Our problem with death is that we are unable to control it, and therefore save ourselves from it. It is certain, yes, but when, where, and how are out of our control. Death is dark matter and dark energy. We know it is real, but we will never be able to demystify it. Migration is a kind of death, a kind of passing. As we move from one space to the next, what we were before we will never be again. We have no control over what we will become when we migrate. Every time we enter the universe, it will change, then it will change us, and then we will change everything else. With migration, the only constant is change, and we have no ability to control it. Somewhere there is always a butterfly flapping its wings. This, again, is why migration demands courage. We must have the courage to leave, the courage to change, and, ultimately, the courage to die. That migration demands courage means that it demands strength, such as mental strength, emotional strength, existential strength, spiritual strength, and sometimes even physical strength. Those who are weak and fragile will always be hostile to migration.

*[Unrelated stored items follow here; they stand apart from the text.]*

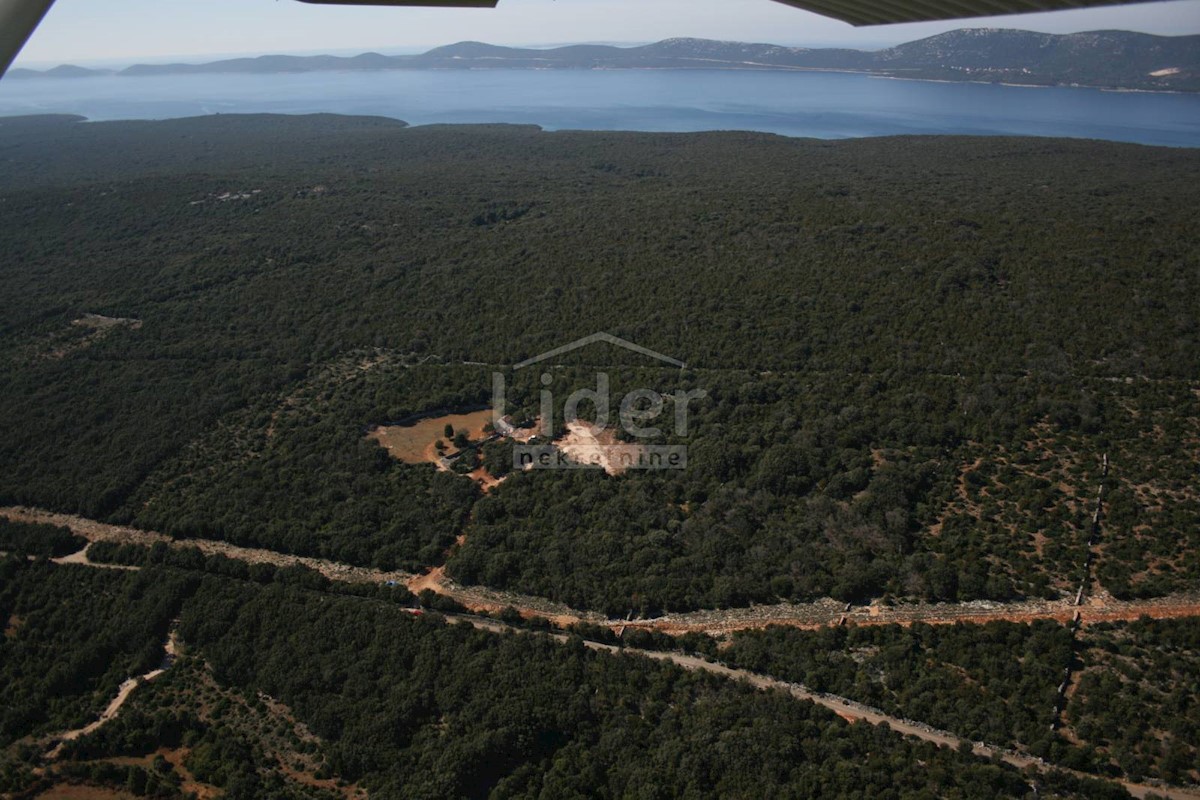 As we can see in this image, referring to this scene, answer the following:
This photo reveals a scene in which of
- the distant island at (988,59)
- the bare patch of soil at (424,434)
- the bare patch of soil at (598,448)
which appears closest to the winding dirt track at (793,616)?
the bare patch of soil at (424,434)

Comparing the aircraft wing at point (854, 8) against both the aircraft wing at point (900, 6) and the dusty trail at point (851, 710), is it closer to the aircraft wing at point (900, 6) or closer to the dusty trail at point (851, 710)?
the aircraft wing at point (900, 6)

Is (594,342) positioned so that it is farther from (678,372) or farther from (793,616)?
(793,616)

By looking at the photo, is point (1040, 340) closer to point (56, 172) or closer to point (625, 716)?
point (625, 716)

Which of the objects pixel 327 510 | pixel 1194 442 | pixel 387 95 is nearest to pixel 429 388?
pixel 327 510

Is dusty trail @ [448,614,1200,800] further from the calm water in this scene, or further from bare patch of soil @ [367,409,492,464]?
the calm water

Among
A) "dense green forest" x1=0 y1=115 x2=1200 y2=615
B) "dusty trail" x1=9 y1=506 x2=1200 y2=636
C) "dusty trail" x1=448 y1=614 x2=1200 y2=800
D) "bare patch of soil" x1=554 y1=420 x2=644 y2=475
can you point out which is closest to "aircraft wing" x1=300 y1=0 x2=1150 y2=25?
"dusty trail" x1=448 y1=614 x2=1200 y2=800

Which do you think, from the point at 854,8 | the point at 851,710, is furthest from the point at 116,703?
the point at 854,8

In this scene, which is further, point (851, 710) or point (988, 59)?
point (988, 59) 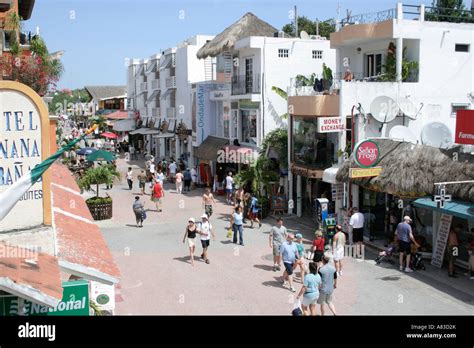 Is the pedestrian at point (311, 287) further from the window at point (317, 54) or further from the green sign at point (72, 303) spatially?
the window at point (317, 54)

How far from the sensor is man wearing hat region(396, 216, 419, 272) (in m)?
15.6

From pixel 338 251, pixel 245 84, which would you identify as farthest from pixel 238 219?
pixel 245 84

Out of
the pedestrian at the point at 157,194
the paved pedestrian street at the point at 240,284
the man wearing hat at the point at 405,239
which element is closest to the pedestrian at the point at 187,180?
the pedestrian at the point at 157,194

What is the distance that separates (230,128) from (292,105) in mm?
8387

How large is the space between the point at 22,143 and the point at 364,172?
38.4 ft

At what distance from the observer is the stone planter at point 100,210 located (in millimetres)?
23156

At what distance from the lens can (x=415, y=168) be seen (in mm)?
16844

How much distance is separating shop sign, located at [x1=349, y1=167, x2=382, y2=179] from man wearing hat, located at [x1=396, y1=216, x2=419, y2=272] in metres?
2.46

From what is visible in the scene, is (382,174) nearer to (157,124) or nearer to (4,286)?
(4,286)

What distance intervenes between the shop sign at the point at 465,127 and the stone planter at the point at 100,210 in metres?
13.9

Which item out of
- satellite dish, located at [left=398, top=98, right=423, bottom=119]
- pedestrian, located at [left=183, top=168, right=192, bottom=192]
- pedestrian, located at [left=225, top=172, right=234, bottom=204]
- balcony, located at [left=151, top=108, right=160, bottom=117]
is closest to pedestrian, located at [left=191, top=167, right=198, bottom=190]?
pedestrian, located at [left=183, top=168, right=192, bottom=192]

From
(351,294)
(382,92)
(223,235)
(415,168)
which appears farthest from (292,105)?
(351,294)

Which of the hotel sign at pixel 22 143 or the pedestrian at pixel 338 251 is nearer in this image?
the hotel sign at pixel 22 143

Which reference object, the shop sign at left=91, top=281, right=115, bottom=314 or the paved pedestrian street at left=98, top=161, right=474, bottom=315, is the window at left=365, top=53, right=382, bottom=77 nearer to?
the paved pedestrian street at left=98, top=161, right=474, bottom=315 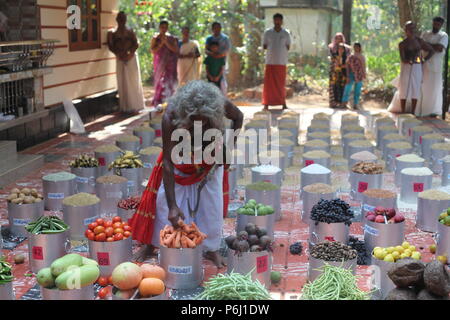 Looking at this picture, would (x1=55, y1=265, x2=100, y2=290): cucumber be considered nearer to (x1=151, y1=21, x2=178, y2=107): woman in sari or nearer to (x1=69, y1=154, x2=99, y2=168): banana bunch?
(x1=69, y1=154, x2=99, y2=168): banana bunch

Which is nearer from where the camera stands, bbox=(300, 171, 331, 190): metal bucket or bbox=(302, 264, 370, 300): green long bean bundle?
bbox=(302, 264, 370, 300): green long bean bundle

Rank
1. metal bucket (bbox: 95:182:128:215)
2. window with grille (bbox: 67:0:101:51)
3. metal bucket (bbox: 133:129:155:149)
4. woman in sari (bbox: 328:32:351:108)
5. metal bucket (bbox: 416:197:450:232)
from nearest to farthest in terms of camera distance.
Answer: metal bucket (bbox: 416:197:450:232) → metal bucket (bbox: 95:182:128:215) → metal bucket (bbox: 133:129:155:149) → window with grille (bbox: 67:0:101:51) → woman in sari (bbox: 328:32:351:108)

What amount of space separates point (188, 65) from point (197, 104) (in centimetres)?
926

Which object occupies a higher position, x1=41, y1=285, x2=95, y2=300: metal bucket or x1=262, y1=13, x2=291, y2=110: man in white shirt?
x1=262, y1=13, x2=291, y2=110: man in white shirt

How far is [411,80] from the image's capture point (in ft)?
41.0

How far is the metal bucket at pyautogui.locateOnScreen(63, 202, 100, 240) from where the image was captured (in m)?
5.48

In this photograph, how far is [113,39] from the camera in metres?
13.1

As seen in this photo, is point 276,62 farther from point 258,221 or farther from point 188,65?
point 258,221

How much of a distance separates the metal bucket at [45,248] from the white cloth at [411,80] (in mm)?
9332

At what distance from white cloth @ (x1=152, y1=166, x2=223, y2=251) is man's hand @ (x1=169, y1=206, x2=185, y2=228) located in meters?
0.27

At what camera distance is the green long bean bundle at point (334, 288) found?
369cm

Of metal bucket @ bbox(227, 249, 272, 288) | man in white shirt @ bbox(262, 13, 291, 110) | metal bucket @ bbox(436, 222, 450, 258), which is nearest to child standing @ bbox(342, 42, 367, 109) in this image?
man in white shirt @ bbox(262, 13, 291, 110)
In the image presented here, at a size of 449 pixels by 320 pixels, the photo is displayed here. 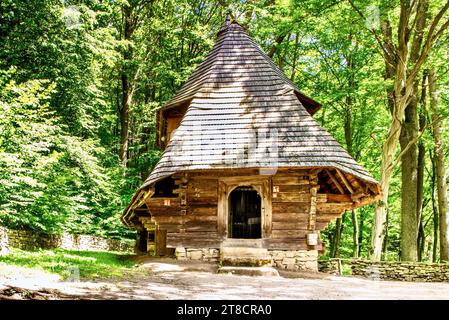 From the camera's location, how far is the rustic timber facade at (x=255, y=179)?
10328 mm

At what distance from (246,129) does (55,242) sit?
8.64 m

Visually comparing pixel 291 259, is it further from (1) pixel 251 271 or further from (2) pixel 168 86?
(2) pixel 168 86

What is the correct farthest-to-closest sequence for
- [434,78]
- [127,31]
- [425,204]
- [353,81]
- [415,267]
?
1. [425,204]
2. [127,31]
3. [353,81]
4. [434,78]
5. [415,267]

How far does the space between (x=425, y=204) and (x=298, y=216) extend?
688 inches

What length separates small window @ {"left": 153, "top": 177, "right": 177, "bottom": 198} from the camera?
11.5 m

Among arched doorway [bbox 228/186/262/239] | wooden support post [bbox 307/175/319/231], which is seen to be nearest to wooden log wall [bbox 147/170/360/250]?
wooden support post [bbox 307/175/319/231]

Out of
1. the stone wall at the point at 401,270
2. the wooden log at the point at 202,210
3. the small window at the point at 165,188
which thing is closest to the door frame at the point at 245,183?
the wooden log at the point at 202,210

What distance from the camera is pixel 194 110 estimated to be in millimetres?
11617

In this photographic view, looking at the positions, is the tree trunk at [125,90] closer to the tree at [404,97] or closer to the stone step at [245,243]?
the stone step at [245,243]

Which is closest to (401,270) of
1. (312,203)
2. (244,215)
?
(312,203)

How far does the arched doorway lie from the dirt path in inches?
188

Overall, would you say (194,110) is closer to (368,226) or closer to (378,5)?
(378,5)

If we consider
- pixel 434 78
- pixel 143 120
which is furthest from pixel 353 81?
pixel 143 120

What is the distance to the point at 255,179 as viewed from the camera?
36.0 feet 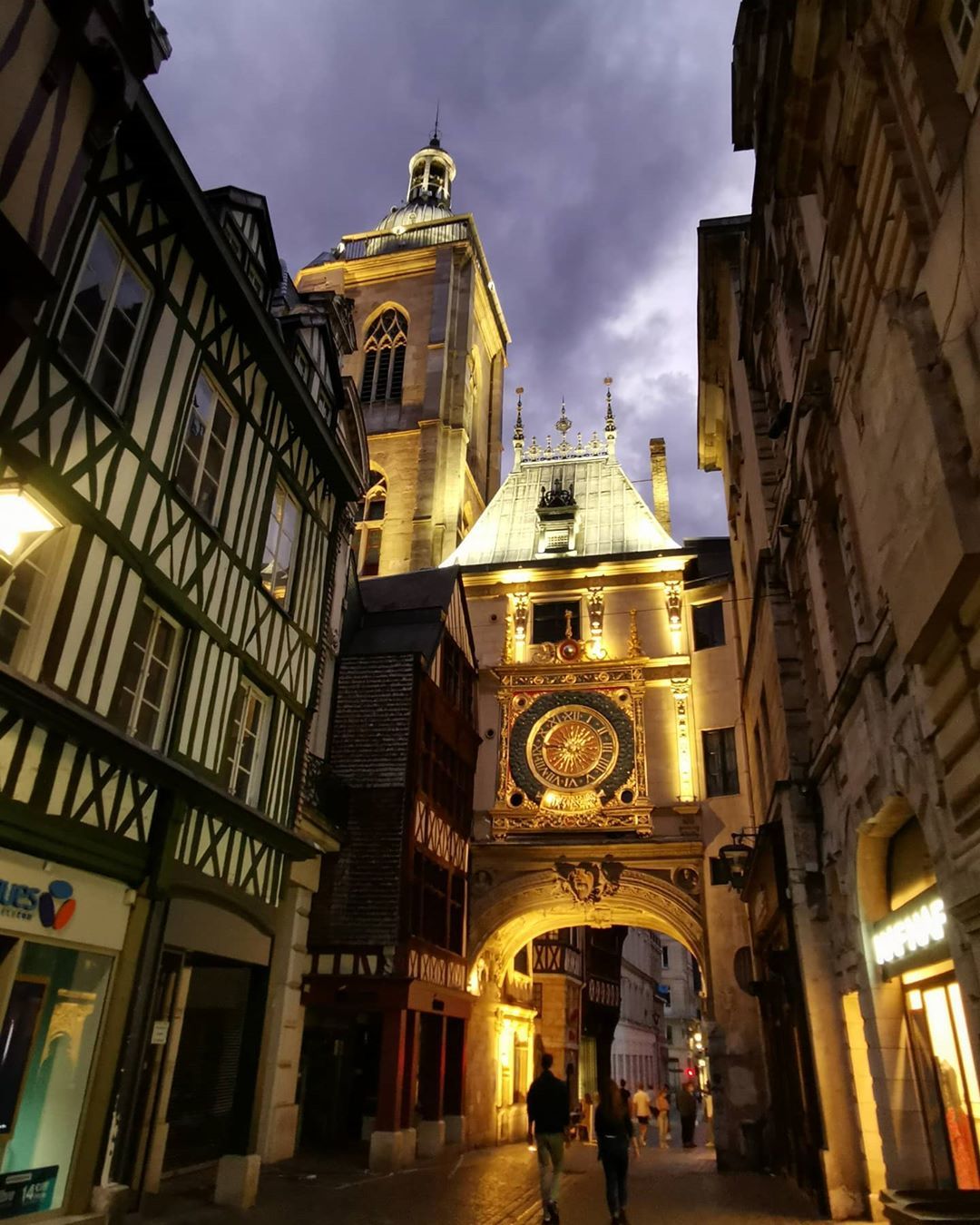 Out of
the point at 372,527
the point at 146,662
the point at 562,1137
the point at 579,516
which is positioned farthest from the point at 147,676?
the point at 372,527

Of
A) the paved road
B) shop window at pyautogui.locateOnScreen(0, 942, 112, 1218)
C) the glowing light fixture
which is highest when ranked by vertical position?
the glowing light fixture

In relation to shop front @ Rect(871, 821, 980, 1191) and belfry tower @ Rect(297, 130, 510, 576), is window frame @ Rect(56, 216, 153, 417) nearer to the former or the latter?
shop front @ Rect(871, 821, 980, 1191)

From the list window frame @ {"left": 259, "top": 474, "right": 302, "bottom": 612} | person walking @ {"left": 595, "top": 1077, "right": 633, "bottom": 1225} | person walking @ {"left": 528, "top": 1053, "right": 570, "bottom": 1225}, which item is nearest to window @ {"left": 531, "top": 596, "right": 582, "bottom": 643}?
window frame @ {"left": 259, "top": 474, "right": 302, "bottom": 612}

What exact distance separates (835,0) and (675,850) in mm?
14174

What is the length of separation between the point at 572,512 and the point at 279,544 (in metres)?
13.5

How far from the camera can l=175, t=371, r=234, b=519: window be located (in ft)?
27.1

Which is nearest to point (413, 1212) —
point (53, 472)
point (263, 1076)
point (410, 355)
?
point (263, 1076)

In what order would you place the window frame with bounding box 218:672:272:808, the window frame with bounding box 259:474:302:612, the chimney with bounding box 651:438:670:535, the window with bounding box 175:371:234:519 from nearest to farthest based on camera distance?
the window with bounding box 175:371:234:519 < the window frame with bounding box 218:672:272:808 < the window frame with bounding box 259:474:302:612 < the chimney with bounding box 651:438:670:535

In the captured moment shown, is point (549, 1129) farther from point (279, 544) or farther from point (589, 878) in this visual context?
point (589, 878)

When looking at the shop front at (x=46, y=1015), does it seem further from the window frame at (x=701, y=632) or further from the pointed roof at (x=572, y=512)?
the pointed roof at (x=572, y=512)

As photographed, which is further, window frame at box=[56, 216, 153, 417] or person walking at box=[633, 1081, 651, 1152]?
person walking at box=[633, 1081, 651, 1152]

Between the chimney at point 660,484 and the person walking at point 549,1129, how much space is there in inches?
687

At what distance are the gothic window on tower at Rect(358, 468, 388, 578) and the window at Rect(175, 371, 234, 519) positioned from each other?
22.9 m

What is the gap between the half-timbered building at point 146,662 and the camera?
5.93 metres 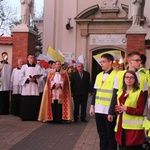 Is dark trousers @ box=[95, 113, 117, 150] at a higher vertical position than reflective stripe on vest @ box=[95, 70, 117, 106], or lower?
lower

If you are ever to speak of me, speak of me as a migrant. As much as I am legally and physically an immigrant, in my heart, mind, and body, I am a migrant. If immigrant is how others get to define me, migrant is how I get to define myself. So, if you are to speak of me, maybe upon hearing of my demise, say that because I was a migrant, I opposed all forms of tyranny, especially the insidious kinds. Say that because I was a migrant, I opposed any kind of wall that either physically, epistemologically, ideologically, or institutionally stopped or hindered any person from moving freely from one place to the next. And say that one day I heard a person say that love is the journey, and I believed.